Sent from my iPhone using Tapatalk


----------



## StratMaster (Dec 26, 2017)

............................................


----------



## StratMaster (Dec 26, 2017)

fangfarrier said:


> Meanwhile.... this is the UK's representation of US politics
> 
> Sea horses and Star Wars https://www.bbc.co.uk/news/world-us-canada-47728578
> 
> Sent from my iPhone using Tapatalk


Yes FF, it's as bad as it looks LOL.


----------



## Prepared One (Nov 5, 2014)

StratMaster said:


> Yes FF, it's as bad as it looks LOL.


On the contrary my friend, it's worse then it looks. :vs_lol:


----------



## Denton (Sep 18, 2012)

Prepared One said:


> On the contrary my friend, it's worse then it looks. :vs_lol:


Our brothers are drowning and we can't help. We need to bust out


----------



## StratMaster (Dec 26, 2017)

Denton said:


> Our brothers are drowning and we can't help. We need to bust out


I be LOVIN' me some FUNK!!!!


----------



## Denton (Sep 18, 2012)

StratMaster said:


> I be LOVIN' me some FUNK!!!!


You got a soul.


----------



## Prepared One (Nov 5, 2014)

I am working on the final touches of a presentation I am doing this afternoon. I need me some Funk! Coffee! Need more COFFEE! :tango_face_grin:


----------



## Annie (Dec 5, 2015)

Listening now as I vac seal my 20 lb bag of whole wheat flour in mason jars. It's for granny's muffins. Granny likes her muffins.


----------



## Sasquatch (Dec 12, 2014)

Annie said:


> Listening now as I vac seal my 20 lb bag of whole wheat flour in mason jars. It's for granny's muffins. Granny likes her muffins.

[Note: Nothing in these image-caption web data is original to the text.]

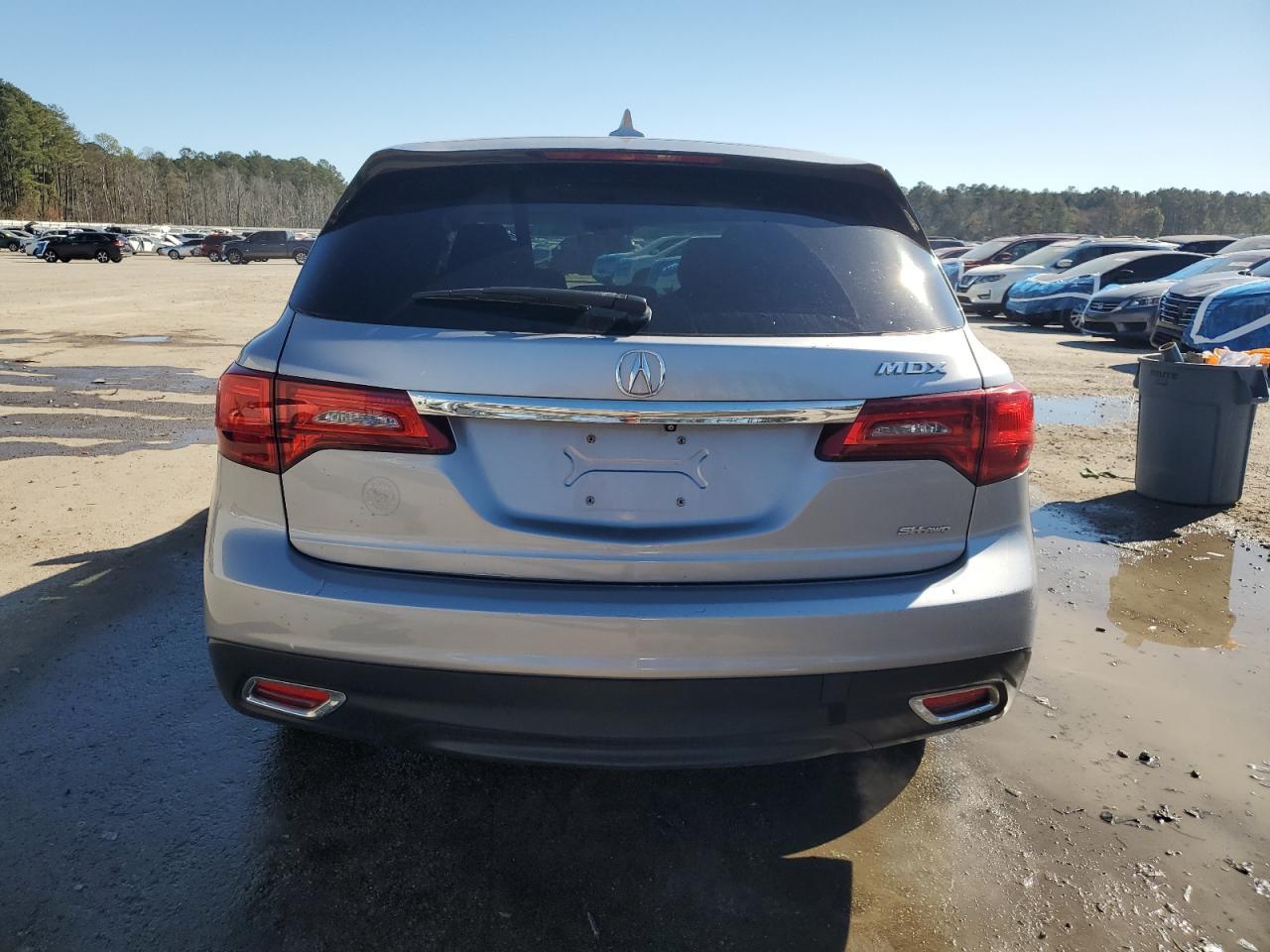 2016 Acura Mdx Technology - Image 6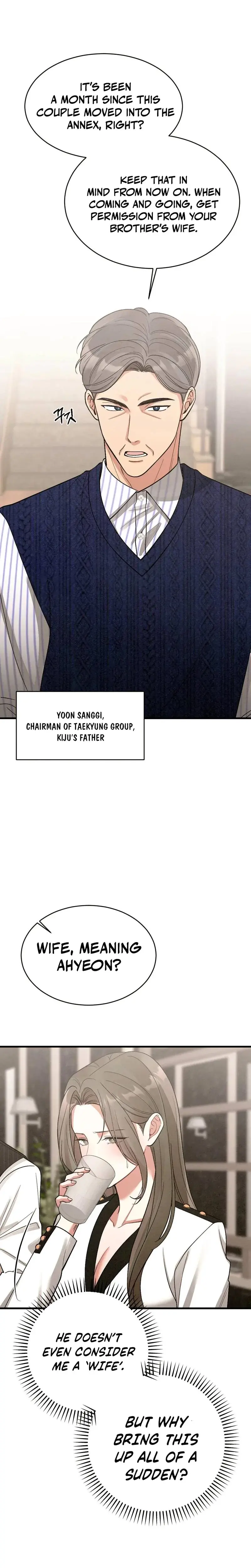 Missing Wife Chapter 3 - Page 21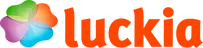 Логотип Luckia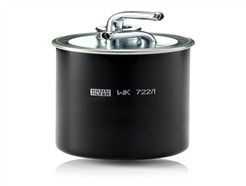 MANN-FILTER WK 722/1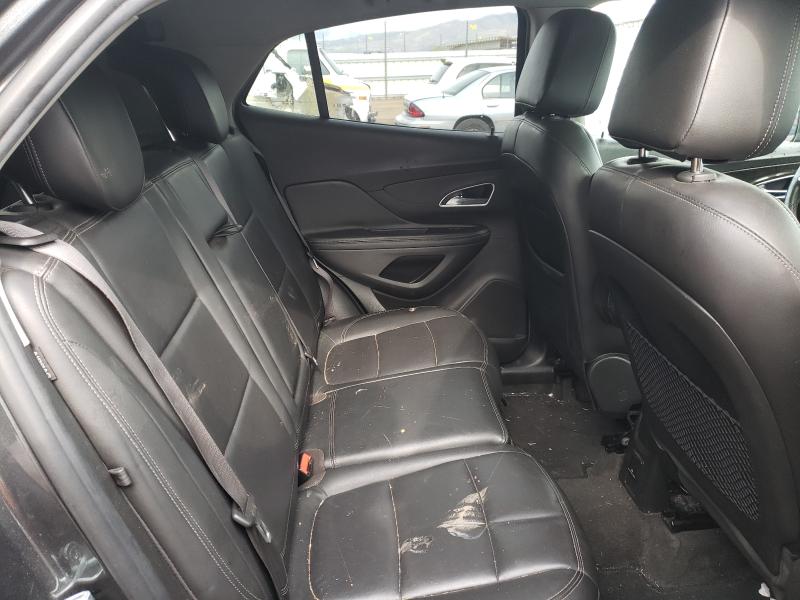 2016 BUICK ENCORE KL4CJCSBXGB727102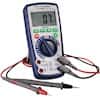 Digi-Sense Industrial Digital Multimeter, TRMS, with NIST-Traceable Calibration 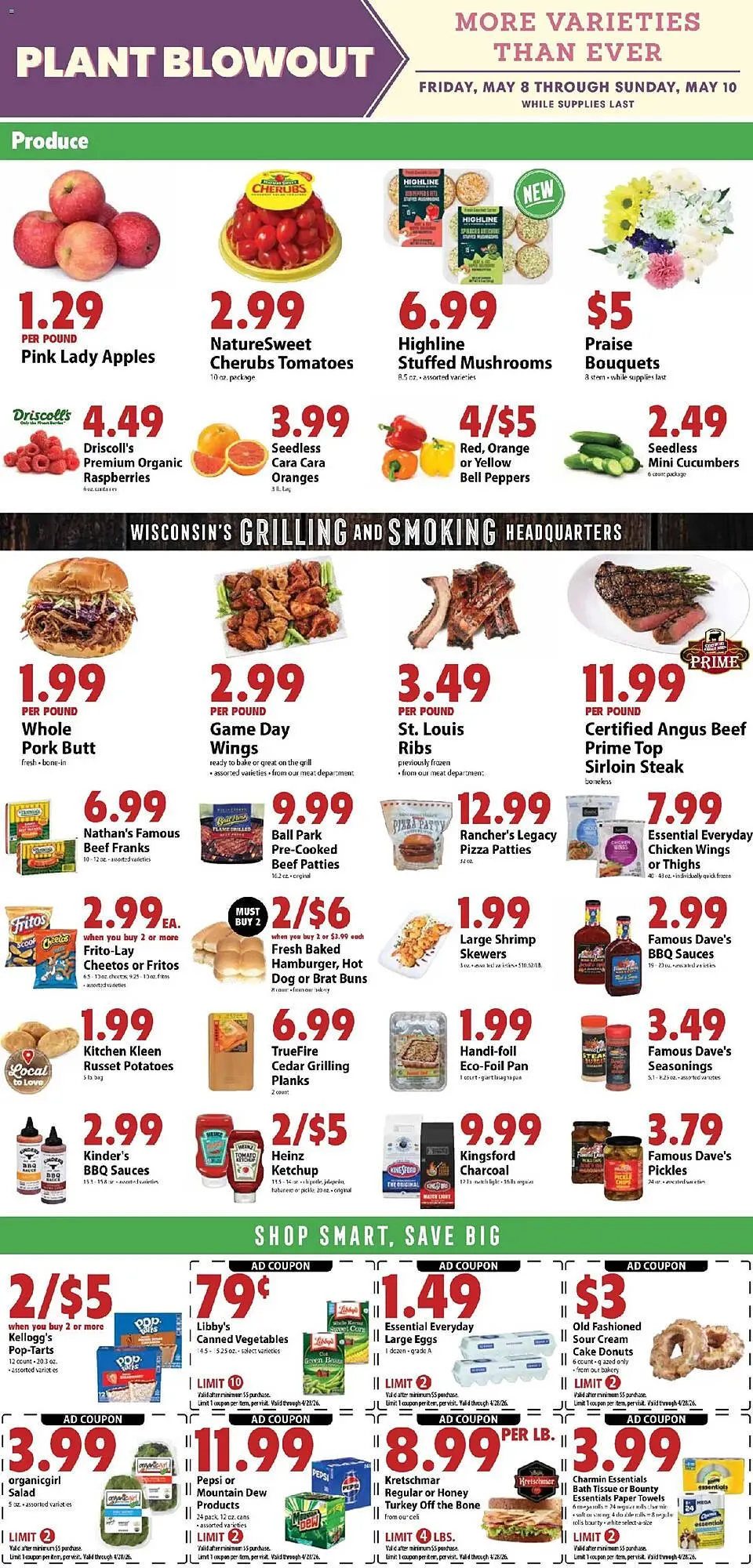 Weekly ad Festival Foods weekly ad from April 22 to April 29 2026 - Page 3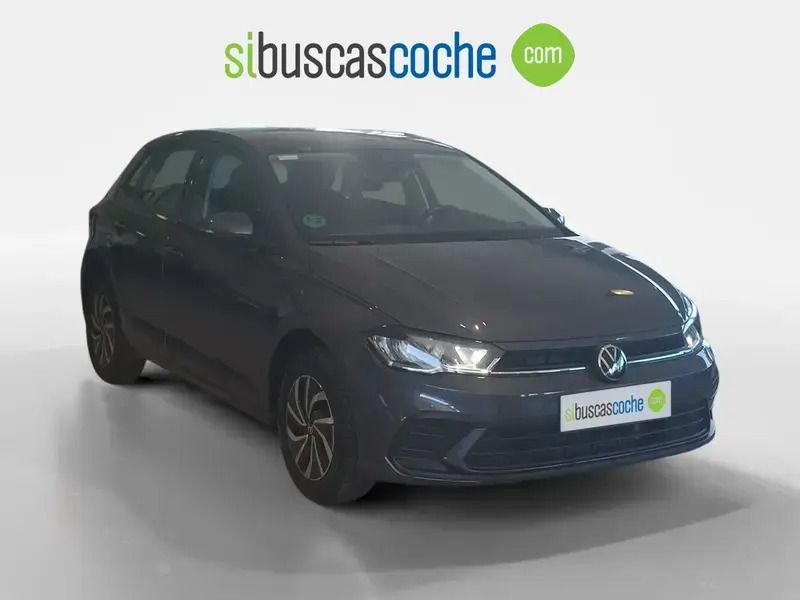 Usado VW Polo Life 150 CV (110 kW) 2024 Gris/plata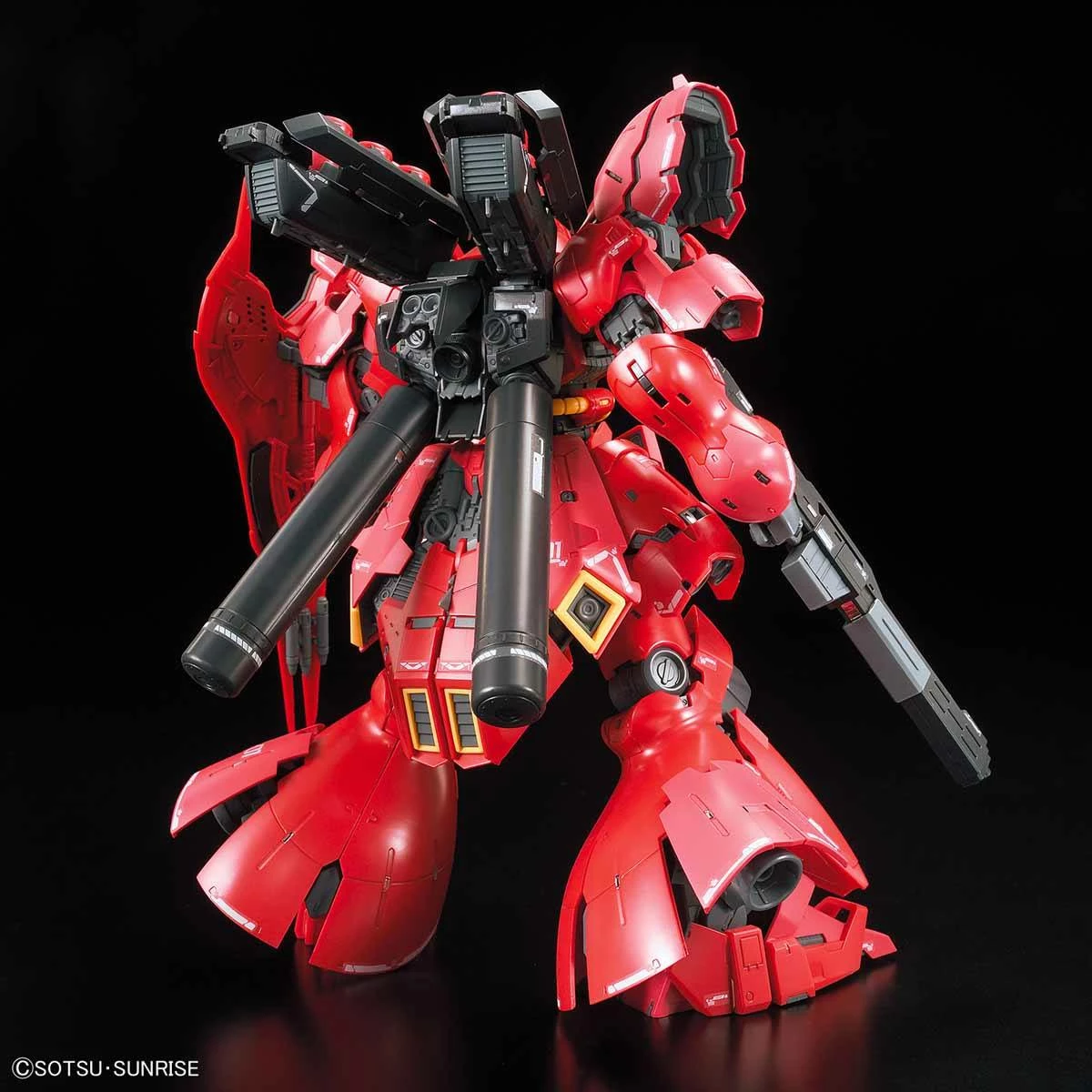 Bandai RG 1/144 #29 MSN-04 Sazabi 10 Bandai RG 1/144 #29 MSN-04 Sazabi - Image 8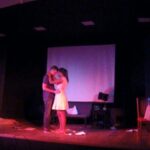 Teatro Conchita de Moraes recebe espetáculo ‘Nós Dois’ neste sábado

I like Granny's muffins. Wait, that didnt sound right.

Sent from my SM-G950U using Tapatalk


----------



## Annie (Dec 5, 2015)

Sasquatch said:


> I like Granny's muffins. Wait, that didnt sound right.
> 
> Sent from my SM-G950U using Tapatalk


Granny's a nice girl...

Finished! Both the vacuum sealing and your show. Hey, I am looking forward to checking out the previous show. I wanna hear about your trip.









Sent from my SM-S337TL using Tapatalk


----------